The waffle is due to a navigation HUD that I've been inspired to make (below), which shows your current position and orientation within a Sim (represented by the blue arrow). You're probably wondering why it might be necessary when there are map tools built into the client; but one feature of this tool is that a Sim owner can include their own annotated map, highlighting the different areas. And there's more...

The HUD includes the option for setting landmarks, which are shown on the map as the user cycles through them. These are hard-coded at the moment, but ultimately I aim to have them added dynamically. A user could arrive at a sim and be given "todays" landmarks. If you have generic meeting or teaching rooms, then the landmarks could be for the specific meetings or lessons of that day; if a commercial sim has changing store rentals, then the landmarks could update to the current sellers etc.

Monday, 19 January 2009

Pocket Battlers - Generation 1 prototypes

At the moment I'm just getting a few ideas out of my head, and into working prototypes. One of these is Pocket Battlers, in which you control a small 'Battler' (as a sub-avatar?) that can move around and launch various attacks. A major feature is that these Battlers can be very different, for example in the first generation with be a tank, a pirate ship and a faery; all with appropriate movement and unique attacks.

The second major feature is the power bar, through which attacks are activated. Power gradually accumulates over time, and each attack requires a certain amount of power before it can be used. When an attack is used then a portion of the power is used up.
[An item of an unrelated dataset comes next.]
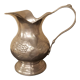 Tin pitcher decoration bunch of grapes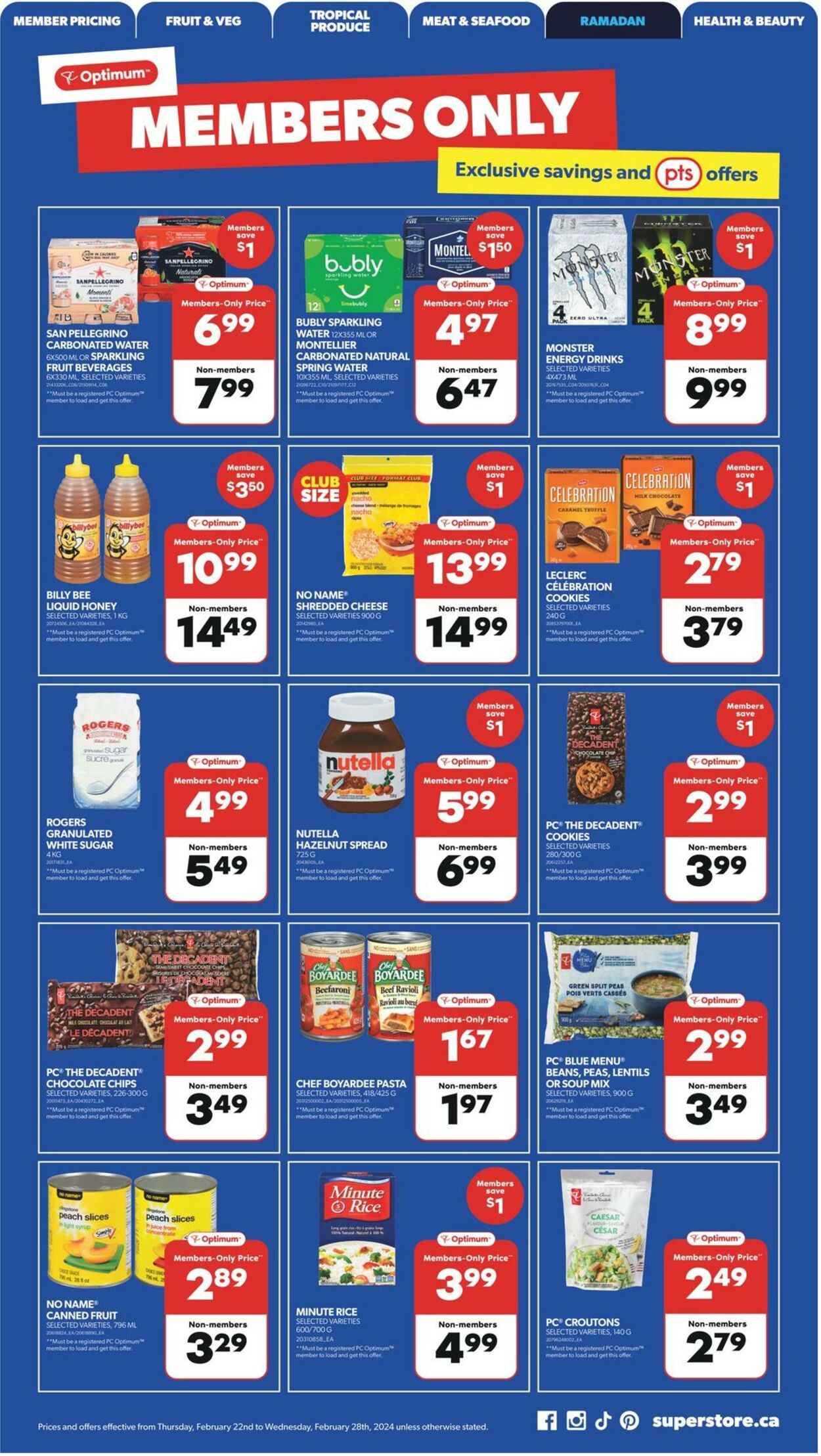Real Canadian Superstore Flyer from 02/22/2024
You can see it in action at the end of the video below (there's no sound so don't go fiddling with your volume control).

They still need a bit of dressing up, but after a few small tweaks they'll be at the stage where they can be fought against each other (I just need to add in area-effect damage).

Credits: The particle systems used for the faery are based on free examples available at 'The Particle Lab' in SL, and the faery's wings are by Jane Mc Carthy.

Monday, 12 January 2009

Cannoneer turn controller

Shown above is the turn controller for Cannoneers. Players can click on it to register; the owner of the device can use a dialog menu to join/start/reset the game; and player order is randomised.

It was fairly easy to lock player controls so that only one person can move at a time; and that turns ends either after 10 seconds have passed, after they have moved 5 metres, or (soon) after they have fired (I still have it allowing multiple shots for final testing).

Also shown in the image is the HUD for switching between the two ammo types: shells that explode on impact (small area, large damage), and grenades that explode after 5 seconds (wider area, low damage).

Friday, 9 January 2009

Cannoneers - Early Development

One of my current projects has the working title of "Cannoneers". Ultimately it will be a turn-based game where players run around shooting at each other, along the lines of the 3D versions of Worms. Shown below is the Avatar I've built for it, which should give an idea of the style I'm aiming for.

I decided to go with "tiny" avatars, because it adds a sense of fun to things. It's also good practice with the anim overides, squashed anims and invisi prims that tiny avatars rely on.

The animations are done, and cannon power is controlled by how long you hold the mouse down. The next big feature will be controlling turn taking.